My future is the moon.

I take a long breath in and let it out slowly. The pack
presses into my back as it lodges between my body and the seat. I shrug it from
my shoulders and set it next to me.

What the hell are you doing? 

The question pushes through the maglev’s steady pulse and my
jumbled thoughts. In less than a week I’ve dismantled everything I’ve built
over the last eleven years. My position in the Dua Emancipation Party,
abandoned. My objectivity, destroyed. For what? 

Your mother died

The tattered bag next to me is all I have left of her, its
weight measured more in expectation and legacy than volume. I place a
protective hand over it and close my eyes to remember again the last time I saw
my mother’s face, eleven years ago.

It will be hard, son, she said. You will wonder why it must be you. I
wondered the same. Why did this information come to me? Why can’t I entrust it
to someone else, anyone else besides my own child? I don’t have answers, but I
do know that if we are to have any chance at freedom, you must be stronger and
faster and smarter than any human. You must learn all you can so you can take
this information to the moon and find our people. Only they can help us now.

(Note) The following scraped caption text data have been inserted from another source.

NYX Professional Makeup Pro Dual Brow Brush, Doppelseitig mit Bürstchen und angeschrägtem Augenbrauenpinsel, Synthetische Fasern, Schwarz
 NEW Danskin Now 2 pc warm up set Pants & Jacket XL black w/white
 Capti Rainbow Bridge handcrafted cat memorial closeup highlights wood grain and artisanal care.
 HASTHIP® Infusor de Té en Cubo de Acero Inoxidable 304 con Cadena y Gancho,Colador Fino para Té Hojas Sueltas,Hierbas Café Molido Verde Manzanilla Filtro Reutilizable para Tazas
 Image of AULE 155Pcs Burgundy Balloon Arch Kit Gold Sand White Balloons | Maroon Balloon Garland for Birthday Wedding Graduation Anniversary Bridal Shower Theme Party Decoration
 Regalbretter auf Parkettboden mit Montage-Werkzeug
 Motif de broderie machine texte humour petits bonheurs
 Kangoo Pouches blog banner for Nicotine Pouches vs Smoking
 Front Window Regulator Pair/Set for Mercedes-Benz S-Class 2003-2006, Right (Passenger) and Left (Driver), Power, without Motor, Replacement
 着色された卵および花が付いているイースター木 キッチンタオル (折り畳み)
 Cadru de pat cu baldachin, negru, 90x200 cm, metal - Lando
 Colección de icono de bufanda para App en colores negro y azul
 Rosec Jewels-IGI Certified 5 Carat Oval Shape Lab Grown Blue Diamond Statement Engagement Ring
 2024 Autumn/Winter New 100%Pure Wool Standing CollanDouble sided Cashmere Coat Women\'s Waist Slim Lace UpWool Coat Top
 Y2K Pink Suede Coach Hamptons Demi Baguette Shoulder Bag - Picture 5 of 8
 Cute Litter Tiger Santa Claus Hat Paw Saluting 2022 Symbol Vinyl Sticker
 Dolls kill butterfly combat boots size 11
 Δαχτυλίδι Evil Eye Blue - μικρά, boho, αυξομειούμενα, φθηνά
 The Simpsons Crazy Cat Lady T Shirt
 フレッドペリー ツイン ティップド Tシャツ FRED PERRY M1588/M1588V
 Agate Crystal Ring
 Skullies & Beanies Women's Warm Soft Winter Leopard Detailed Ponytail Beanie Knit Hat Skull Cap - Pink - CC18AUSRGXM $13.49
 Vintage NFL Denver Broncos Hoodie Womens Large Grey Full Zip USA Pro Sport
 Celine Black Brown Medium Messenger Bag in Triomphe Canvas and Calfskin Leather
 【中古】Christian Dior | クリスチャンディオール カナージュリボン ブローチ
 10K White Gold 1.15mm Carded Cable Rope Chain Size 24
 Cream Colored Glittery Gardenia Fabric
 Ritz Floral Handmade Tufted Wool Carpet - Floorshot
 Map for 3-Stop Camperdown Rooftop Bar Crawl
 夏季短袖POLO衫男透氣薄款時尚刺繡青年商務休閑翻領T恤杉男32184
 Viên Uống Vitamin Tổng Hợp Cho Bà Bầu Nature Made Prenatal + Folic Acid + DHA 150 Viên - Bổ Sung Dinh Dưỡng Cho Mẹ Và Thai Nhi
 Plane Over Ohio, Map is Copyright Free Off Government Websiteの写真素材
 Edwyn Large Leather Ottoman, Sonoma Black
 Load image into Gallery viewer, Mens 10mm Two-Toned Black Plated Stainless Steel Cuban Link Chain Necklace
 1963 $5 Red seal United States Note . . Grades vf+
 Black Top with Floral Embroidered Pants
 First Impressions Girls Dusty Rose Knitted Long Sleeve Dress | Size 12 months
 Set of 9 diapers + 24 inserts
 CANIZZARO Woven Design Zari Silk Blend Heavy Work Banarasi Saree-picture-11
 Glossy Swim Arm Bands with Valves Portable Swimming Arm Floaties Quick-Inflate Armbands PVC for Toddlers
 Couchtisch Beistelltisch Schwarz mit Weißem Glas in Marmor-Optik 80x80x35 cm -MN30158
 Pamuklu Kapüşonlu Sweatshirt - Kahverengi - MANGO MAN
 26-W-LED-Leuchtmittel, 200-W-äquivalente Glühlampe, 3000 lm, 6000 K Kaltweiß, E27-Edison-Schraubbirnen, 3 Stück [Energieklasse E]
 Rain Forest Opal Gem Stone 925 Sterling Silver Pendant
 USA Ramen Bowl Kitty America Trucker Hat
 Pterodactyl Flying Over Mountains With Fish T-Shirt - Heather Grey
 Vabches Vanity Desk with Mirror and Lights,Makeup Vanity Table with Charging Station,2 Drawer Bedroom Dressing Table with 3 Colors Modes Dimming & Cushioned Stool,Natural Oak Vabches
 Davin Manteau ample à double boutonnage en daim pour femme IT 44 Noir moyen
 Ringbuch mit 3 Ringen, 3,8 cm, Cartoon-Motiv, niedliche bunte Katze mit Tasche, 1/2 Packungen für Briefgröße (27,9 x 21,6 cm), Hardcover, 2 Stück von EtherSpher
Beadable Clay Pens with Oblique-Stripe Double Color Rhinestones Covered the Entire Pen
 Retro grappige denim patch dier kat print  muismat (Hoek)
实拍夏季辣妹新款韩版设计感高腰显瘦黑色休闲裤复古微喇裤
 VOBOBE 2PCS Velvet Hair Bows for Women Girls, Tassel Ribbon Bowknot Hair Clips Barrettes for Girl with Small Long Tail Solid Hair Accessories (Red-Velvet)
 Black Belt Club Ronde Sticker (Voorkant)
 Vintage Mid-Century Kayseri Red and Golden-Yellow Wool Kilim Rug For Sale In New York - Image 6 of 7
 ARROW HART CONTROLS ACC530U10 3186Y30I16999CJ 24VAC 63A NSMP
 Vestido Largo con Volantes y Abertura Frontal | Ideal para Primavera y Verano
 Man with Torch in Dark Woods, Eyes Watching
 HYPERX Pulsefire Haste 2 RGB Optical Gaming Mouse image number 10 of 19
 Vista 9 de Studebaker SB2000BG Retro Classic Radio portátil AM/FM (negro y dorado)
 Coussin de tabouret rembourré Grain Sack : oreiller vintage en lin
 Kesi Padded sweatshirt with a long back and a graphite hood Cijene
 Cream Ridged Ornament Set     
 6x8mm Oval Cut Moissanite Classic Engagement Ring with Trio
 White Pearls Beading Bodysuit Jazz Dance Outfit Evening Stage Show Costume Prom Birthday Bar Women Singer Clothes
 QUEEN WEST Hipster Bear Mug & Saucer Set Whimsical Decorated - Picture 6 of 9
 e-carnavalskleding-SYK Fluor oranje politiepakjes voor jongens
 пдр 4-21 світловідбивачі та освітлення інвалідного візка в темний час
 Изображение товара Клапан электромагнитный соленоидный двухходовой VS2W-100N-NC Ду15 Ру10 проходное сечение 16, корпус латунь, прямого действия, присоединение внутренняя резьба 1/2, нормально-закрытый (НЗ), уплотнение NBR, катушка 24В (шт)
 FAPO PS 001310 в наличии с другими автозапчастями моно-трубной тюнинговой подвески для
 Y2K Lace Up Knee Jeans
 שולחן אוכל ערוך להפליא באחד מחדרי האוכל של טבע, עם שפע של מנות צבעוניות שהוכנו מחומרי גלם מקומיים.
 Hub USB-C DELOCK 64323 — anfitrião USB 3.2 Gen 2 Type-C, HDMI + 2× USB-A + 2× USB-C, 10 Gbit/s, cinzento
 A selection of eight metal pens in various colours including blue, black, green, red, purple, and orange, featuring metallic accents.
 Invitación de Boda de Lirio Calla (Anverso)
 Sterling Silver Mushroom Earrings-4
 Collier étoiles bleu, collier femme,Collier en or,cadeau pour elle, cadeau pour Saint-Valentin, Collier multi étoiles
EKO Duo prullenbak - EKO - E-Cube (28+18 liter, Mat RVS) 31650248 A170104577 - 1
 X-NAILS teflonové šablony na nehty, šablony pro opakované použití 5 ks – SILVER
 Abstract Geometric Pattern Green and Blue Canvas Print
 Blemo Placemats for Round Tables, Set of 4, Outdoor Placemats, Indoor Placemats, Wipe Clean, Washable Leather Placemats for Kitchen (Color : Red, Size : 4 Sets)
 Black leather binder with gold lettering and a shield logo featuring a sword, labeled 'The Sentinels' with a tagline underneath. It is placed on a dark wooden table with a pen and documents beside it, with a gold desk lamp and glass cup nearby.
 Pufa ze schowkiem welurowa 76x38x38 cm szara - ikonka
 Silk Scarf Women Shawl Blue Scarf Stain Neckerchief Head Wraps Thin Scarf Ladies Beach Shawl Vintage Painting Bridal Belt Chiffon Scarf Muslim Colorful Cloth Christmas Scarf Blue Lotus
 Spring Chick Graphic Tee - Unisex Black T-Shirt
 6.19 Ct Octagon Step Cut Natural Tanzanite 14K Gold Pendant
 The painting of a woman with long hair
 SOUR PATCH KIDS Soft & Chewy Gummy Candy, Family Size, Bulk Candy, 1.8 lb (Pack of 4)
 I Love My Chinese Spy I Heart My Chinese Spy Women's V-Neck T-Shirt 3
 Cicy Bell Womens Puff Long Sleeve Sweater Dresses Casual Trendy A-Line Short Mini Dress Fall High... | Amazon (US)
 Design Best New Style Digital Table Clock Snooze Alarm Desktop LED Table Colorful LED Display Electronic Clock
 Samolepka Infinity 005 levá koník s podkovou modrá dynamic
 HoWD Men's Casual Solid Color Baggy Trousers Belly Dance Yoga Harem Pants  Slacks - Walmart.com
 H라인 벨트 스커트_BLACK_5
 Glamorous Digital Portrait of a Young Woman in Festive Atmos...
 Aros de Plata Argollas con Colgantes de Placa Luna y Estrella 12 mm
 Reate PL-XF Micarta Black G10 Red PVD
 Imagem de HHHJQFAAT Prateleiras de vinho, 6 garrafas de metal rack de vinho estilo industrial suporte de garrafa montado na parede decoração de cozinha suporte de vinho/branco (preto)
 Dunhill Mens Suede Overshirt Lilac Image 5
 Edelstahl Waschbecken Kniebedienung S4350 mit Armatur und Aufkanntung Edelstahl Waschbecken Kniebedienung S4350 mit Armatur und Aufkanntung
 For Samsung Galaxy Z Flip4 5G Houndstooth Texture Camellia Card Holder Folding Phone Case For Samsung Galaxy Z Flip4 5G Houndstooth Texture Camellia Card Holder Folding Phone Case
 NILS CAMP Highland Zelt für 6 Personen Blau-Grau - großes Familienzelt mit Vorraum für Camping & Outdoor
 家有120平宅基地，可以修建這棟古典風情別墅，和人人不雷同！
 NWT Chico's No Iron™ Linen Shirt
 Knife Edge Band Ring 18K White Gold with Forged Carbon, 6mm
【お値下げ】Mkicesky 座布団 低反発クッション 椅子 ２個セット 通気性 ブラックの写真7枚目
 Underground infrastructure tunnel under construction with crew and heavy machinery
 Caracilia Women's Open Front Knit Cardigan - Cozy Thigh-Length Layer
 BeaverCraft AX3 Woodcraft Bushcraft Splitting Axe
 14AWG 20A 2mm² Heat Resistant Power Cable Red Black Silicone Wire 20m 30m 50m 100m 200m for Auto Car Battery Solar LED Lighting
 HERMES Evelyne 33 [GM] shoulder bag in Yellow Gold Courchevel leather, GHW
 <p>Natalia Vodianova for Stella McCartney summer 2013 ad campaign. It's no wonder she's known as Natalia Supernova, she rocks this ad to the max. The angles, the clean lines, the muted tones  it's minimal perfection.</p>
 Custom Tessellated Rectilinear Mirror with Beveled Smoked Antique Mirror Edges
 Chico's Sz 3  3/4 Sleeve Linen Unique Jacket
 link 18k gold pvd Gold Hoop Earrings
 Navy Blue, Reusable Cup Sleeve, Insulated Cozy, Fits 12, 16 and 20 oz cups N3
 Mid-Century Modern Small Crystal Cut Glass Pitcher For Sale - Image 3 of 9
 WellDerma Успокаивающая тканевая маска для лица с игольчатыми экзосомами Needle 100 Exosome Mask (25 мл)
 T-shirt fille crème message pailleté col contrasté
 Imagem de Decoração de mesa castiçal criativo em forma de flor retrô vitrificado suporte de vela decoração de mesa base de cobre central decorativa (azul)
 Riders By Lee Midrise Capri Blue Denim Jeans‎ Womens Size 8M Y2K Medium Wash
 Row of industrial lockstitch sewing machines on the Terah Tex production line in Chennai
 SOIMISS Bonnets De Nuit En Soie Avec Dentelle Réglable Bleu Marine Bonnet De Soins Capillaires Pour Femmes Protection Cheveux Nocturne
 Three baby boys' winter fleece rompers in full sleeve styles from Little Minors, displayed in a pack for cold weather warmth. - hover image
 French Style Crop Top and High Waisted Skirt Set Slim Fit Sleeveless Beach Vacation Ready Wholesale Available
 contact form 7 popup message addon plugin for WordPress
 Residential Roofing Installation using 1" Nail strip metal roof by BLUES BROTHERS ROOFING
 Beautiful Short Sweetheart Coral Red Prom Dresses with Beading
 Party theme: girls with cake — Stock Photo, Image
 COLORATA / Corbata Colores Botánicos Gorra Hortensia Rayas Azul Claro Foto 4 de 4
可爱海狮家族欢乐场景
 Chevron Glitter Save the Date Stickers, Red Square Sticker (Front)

I came back to Paysandú looking for a fight, an avenging
angel for my mother. My people. Brutalized. Arrested. Murdered. All because of
what they are. 

I leave a coward, running away and leaving behind the only
family I have left.

I realize I am not alone when I hear the shuffle of human
feet. I place a hand on the pack as the inquisitive face of a human girl rises
over the back of the torn seat in front of me. Her dark hair is pulled back in
a messy ponytail that contrasts sharply with her crisp silvery uniform. Her
occulus, the constant virtual companion of every human child until age fifteen,
is pushed back on her head haphazardly.

“Are you a NiCIe?” 

I grimace at the slur. She’s maybe ten or eleven; the word
sounds somehow harsher from her. She leans over the seat to get a better look
at me. 

“I am Dua.” 

“Is that the same thing as a NiCIe?” I consider setting her
straight. Not the way you mean it, like we’re the virus. Like we’re the
 Instead, I shift closer to the window and look out. “I knew
it. Because of your hair. And your eyes.” She slides down the length of the
bench to join me at the window. 

“Don’t you have parents somewhere?” The girl is one thing.
Human children tend to be curious, not violent. Adults are another matter. Dua
don’t transmit Ruĝa Morto, but humans don’t hear that. They only know what the
virus does to them. It makes them like us.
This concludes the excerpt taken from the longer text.